We have many tools with which to work. The classic environmental advocacy strategy has been to pass a regulatory statute, which the executive branch then implements. On the side of land preservation, it’s been to get Congress or the executive to set land aside. While neither strategy looks quite so promising in the years to come, it’s worth remembering that elements of each have succeeded in every presidential administration in decades. Even the George W. Bush Administration, never known as a champion of environmental protection, signed strong new fisheries laws, advanced stream and wetland protections, and designated massive areas of the Pacific Ocean as marine sanctuaries.

But the environmental movement has long been creative in finding alternative advocacy strategies, and we can be creative again. When finding market-oriented regulatory strategies seemed like a way to build coalitions with center-right Republicans, environmentalists embraced economic incentive-based regulation. If supporting manufacturing and construction goals is a central priority of the new administration, we can do that, too, and it wouldn’t be anything new. From the Clean Water Act of 1972, which included major funding for wastewater treatment infrastructure, to more recent support for solar and wind construction, the environmental movement has a history of striking alliances with people who want to build things. There are plenty of opportunities to do more of that.

The American Voters Did Not Repudiate Environmental Protection. Most voters want environmental protection. Poll after poll shows that.  Environmental protection may not be a high-salience issue in many places, but this razor-thin election was not a mandate for Donald Trump to begin tearing up our system of environmental law. Of course, he may act like he has a mandate. But overreach provides opportunities for responses.

We Have a Powerful Advocate on our Side. Part of the reason environmentalism was once such a bipartisan issue is that most people derive value from the natural environment. And that’s true even in—perhaps particularly in—some of the greatest strongholds of Trump support. Montana and Idaho are spectacular places. The hills of rural Ohio are beautiful, as are the beaches of the Carolinas and the Gulf Coast. I spend part of each summer in northern Michigan; it is gorgeous. And I’m hopeful that the persistent, insistent advocacy of the environment itself will eventually bring people back to the idea that environmental protection is something worth doing—that part of the pride of culture and place that motivates many voters on all sides of the political spectrum means embracing, again, pride in the landscapes within which we live.

You signed up for this.

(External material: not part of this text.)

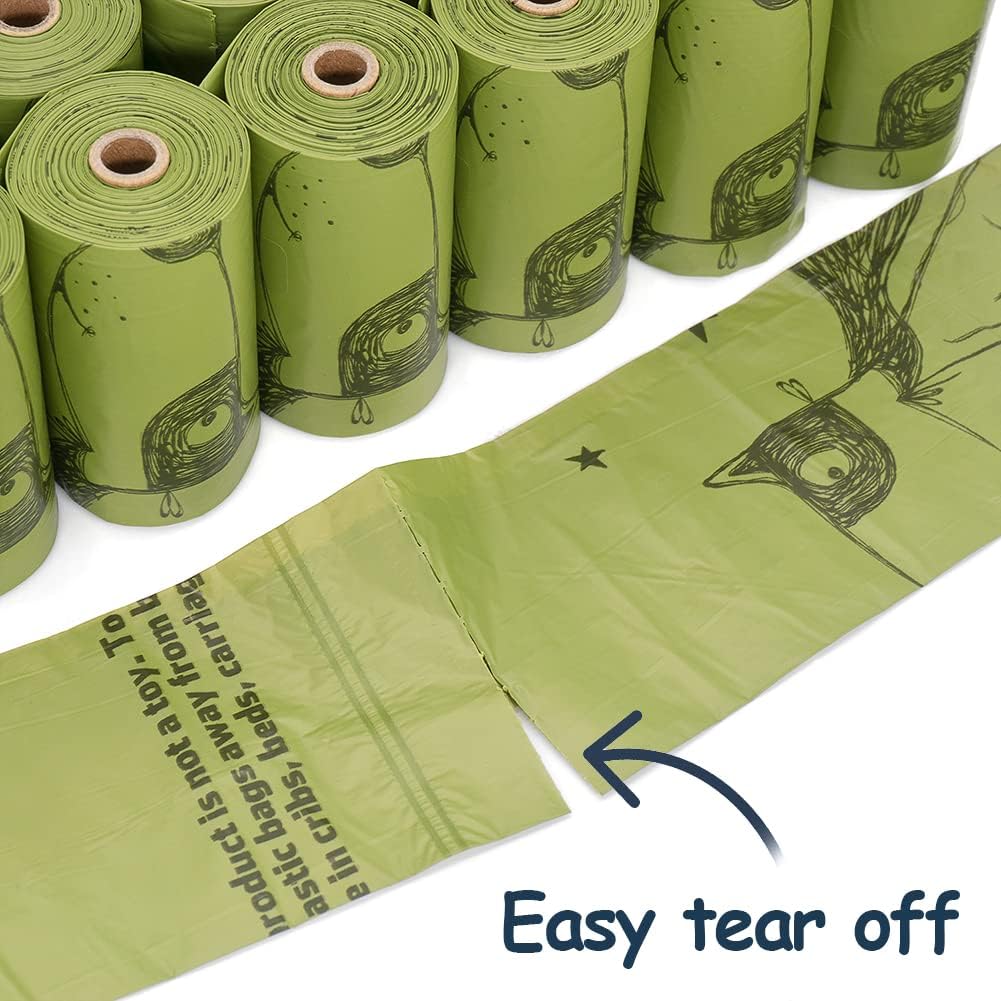 Ley’s Dog Poop Bags 135 Count (9 Rolls), Unscented Extra Thick Dog Waste Bags, 100% Leak Proof & Tear Resistant Doggie Bags with Dispenser, Refill Rolls for Small Medium Large Dogs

When you became interested in environmental law, did you think it was going to be an easy field to work in? I doubt it. Probably what drew you to the field, at least in part, was your sense that your participation in it would matter, and that wouldn’t be true if victories came easily. So let’s roll up our sleeves and get to work. Maybe that means working for an advocacy group. Maybe it means working with business clients to find new ways to protect the environment and comply with the law while still making money and keeping people employed. There are so many possible ways to help. But whatever it means for you, you are needed today, now more than ever.